Deep breath. Now it’s our turn. Twenty-five dollars please. What? Dang, I begged to be here – Carlos is right there. We are the last ones in line. My quick-thinking friend paid the guy. We smiled with him and took a very fun picture. Then I told him I was going to put him on my blog. He nodded very politely – you can tell he has manners -but the look on his face said, “Oh yeah – listen up people, there’s another stay at home mom here with a blog and she is going to put little ole me on it – Aw shucks. Look lady, I am the comedian – and remember honey, you paid to see me – who’s laughing now?”
So, I tell him, “No really, I’ve only been blogging for one week and I have over 500 hits (thank you people).” He was walking away – but he actually stopped, turned around, and said, “that’s actually pretty good.” That’s what I’m talkin’ bout. Validation.
“I know,” I said. “Seriously,” I added. “And you are going to be on it.” You can be sure he is counting his blessings now. He’ll be paying me for a picture soon. Only I wouldn’t charge him $25 – he inspires me. I thought he felt the same about me – clearly, not so much.
Oh yeah, we still have to go to the bathroom. Quick. Talk about if you give a mouse a cookie – we got way off track. So we are laughing at our sassy selves and probably being quite annoying. Funny, after all, is in the laugh of the beholder. This woman in the bathroom is laughing at us, too. She clearly has a wonderful sense of humor. “No really, Carlos is going to be on my blog. Hey, do YOU want to be on my blog?” Sure, crazy lady.

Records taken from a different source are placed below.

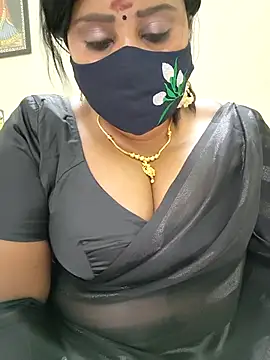 Queenflowerr online show from 11/06/25, 04:52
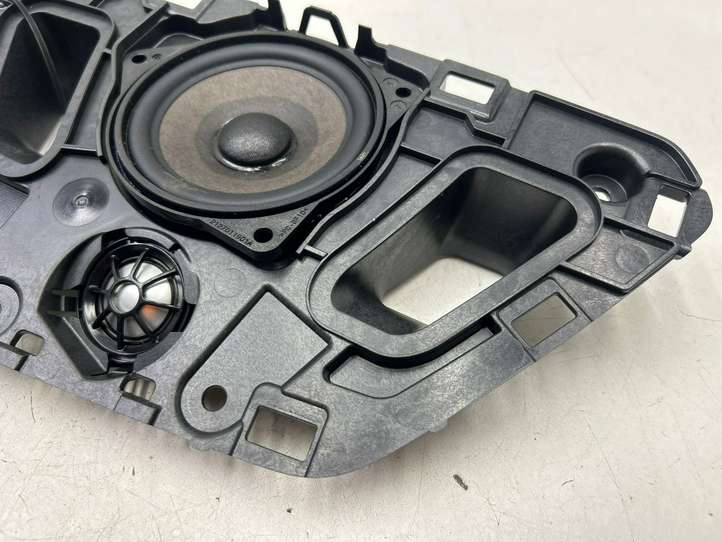 BMW 2 G42 (2021 - )  2622852 Громкоговоритель в панели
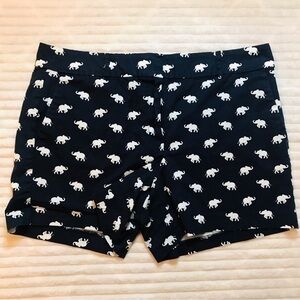 Ann Taylor Navy Blue White Elephant Print chino Shorts Women’s size 12 31 Large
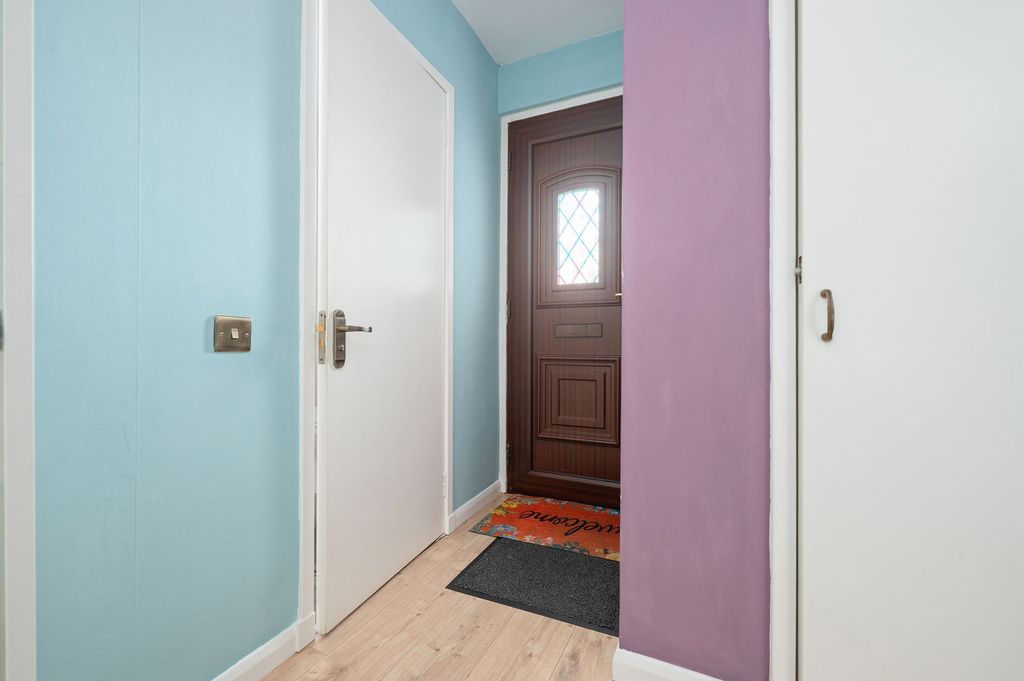 Additional image 2 of 1 bed flat for saleBack'oyards, Inverkeithing KY11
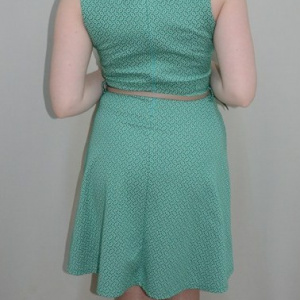 Rochie casual, pe turcoaz, cu material pepit si design abstract, fusta in clos - Img 5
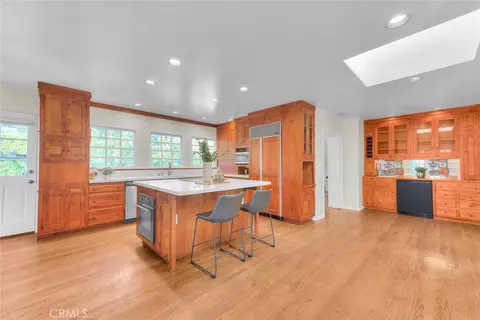 Kitchen - 537 Jamestown, Burbank, CA 91504 photo 1 of 5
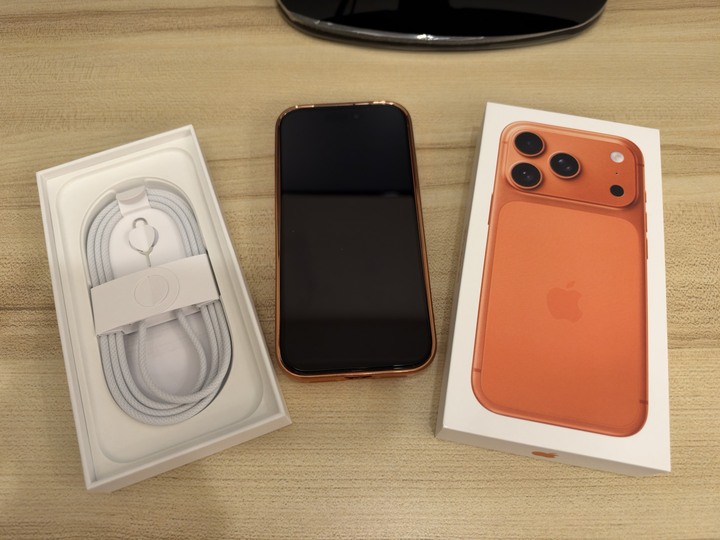 Phone 17 Pro 256g 宇宙橙色 (電池健康度100%)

We take a picture – she has a great smile and she seems like she’s a lot of fun. I mean, really, she thinks we’re funny – how could I not love her? I ask for her name – it’s Robbin (I like to give credit where credit is due – I asked “y” or “i”). “Two” b’s she said – after Baskin Robbins. Honestly, that is what she said. You are kidding me – that is hysterical. She said it was either that or Holly Hobby. You’re killing me. Apparently her mom loves ice cream. And, actually loves it enough to name her child after it. And, no, she did not charge me to be in a picture with her.
Back to our fabulous seats – thanks again Number One Hubby. And we laughed so hard our faces hurt. The show was amazing – and, nope, I won’t repeat any of the jokes. Buy a ticket.
We drove home laughing all the way. Ha Ha Ha. Thank you Carlos! You are a damn riot! Number One Hubby was right to be disappointed he could not be there.
I can only imagine the what the performers had to say after the show…
Carlos: “Okay, who was the most whacked out fan you ran into.”
DJ Goldenchyld: “It’s all good bro – if anyone came too close I blasted ‘em with my tunes. Too loud for them to get too close.”
Juan Villareal: “Fans? I didn’t go anywhere near those people, the place was crawling with cops. I can’t make bond with only $12.”
Brad Williams: “I had this 500-pound fat chick trying to flirt with me. She likes my yard duck impression.”
Carlos Mencia: “This crazy white woman was promisin’ to blog me. Woo hoo lucky me, lucky me – dee dee dee!”
And Robbin, God only knows what she told her friends – but she is sure to be famous soon. Hi Robbin – my new BFF.
If Carlos Mencia is coming to a town near you – treat yourself – get tickets and give yourself plenty of time to get there!